The first oxymoron we discovered in coastal South Carolina was at a gated community touted as a ‘wildlife habitat’. This South Carolina coastal community clearly brags about its national designation in media and at the community itself. As we drove through the gated community, we enjoyed watching Mr & Mrs Smith bicycling down the street as we passed an early morning foursome playing on the golf course. When we started to explore the neighborhoods deeper, we noticed an oddity - thin wire electric fences with orange warning signs around the perimeter of some single family homes. We hadn't seen a T-Rex so assumed the homeowners put these electric fences up to block out the deer from tearing up their flower beds. But why on earth would a POA allow these eye sores and the blatant contradiction to their branding? It made us think about how living in a wildlife sanctuary might not be so special after all.

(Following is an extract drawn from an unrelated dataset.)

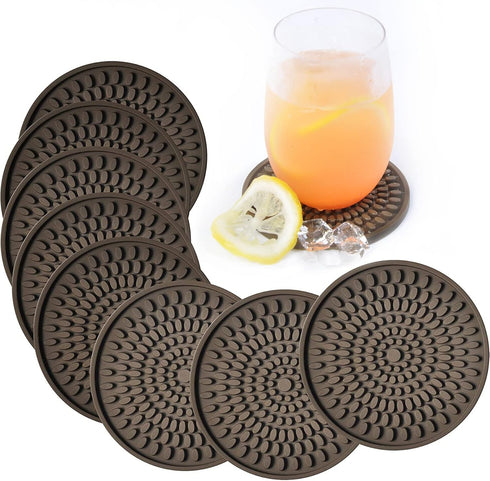 KindGa Coasters for Drinks Absorbent, Rubber Brown Coasters Set of 8, Large Silicone Drink Coaster for Furniture Protection, Deep Tray 4.3 Inch Ov...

Another South Carolina coastal community made us question the message they are sending to buyers. When we walked into their sales center, a big site map attracted my attention because of the hundreds of little red pins poked into the lots. We questioned the receptionist asking her if the red pins represented all the homes built at this community. Her answer “the pins represent lots being sold at some time or another”. What? We're confused. Does this date back to the 1776 when America was discovered? It would have been far more helpful to buyers to have different colors representing homes for sale, built homes and homes under construction. Instead, what kind of message was this South Carolina coastal community trying to portray to buyers? It made no sense! Our conclusion, be sure to ask lots of questions and don’t assume anything.

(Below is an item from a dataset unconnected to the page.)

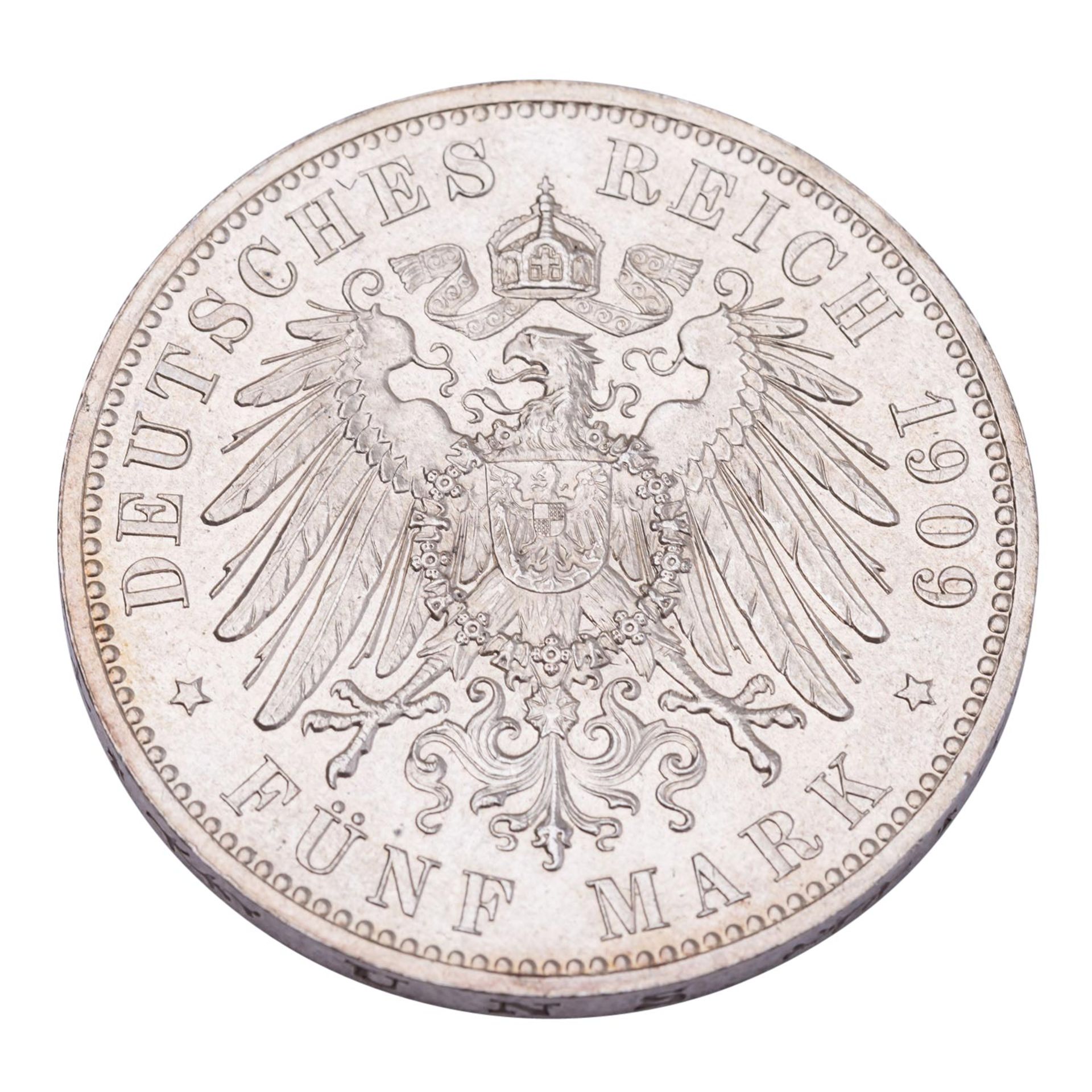 Sachsen/Silber - 5 Mark 1909/E, 500 Jahrfeier der Universität Leipzig, - Image 2 of 2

Here’s another example. In the sales center of another gated community, there is an attractive sign identifying all the master planned communities this real estate developer has been involved with bragging about how brilliant they are. When we looked at the list, the communities read like a List of Who’s Who. We questioned further and asked if the real estate developer of this particular gated community had an equity interest or partnership in this List of Who’s Who. The answer was “no”. The developer had been involved in some capacity, whether it was through marketing, sales, planning or things like that. At that point, our thoughts went to my resume and realized we could have added hundreds of real estate developments that we have been a part of since birth. This sign in the sales center walks a gray line of creditability with us.
To top it all off, one of our buyer’s recently called us after they had received the purchase contract and disclosure documents for a lot they purchased in coastal North Carolina. They were quite annoyed. Why? In the disclosure documents, they were asked to acknowledge a major roadway on the drawing board by Department of Transportation that may run right through part of this North Carolina coastal community at sometime in the future. The couple was annoyed that this was the first time they heard about and we felt the same way. After research and talking about the likelihood of the situation, the roadway became less of an issue. What remains is the lack of trust for not sharing information like this before a buyer submits a good faith deposit. Wouldn’t you agree, as a sales person is driving a buyer around in their car, bragging about all the bells and whistles during a property tour, the sales person should also disclose everything they know. Claiming ignorance for a significant oversight like this is unacceptable. We don’t blame our client for being upset and we believe it is a poor way to start a relationship. This real estate developer will need to work hard to regain this buyer’s confidence.
If we sound negative, it is not our intention. Real estate developers must raise the bar, to help buyers and avoid hoodwinking them. We chose not disclose the names of these developments because this is a lesson about what buyers should look for, not a real estate developer bashing. By sharing all of this with you, we will continue to do our best to educate you and make you aware of inconsistencies we see.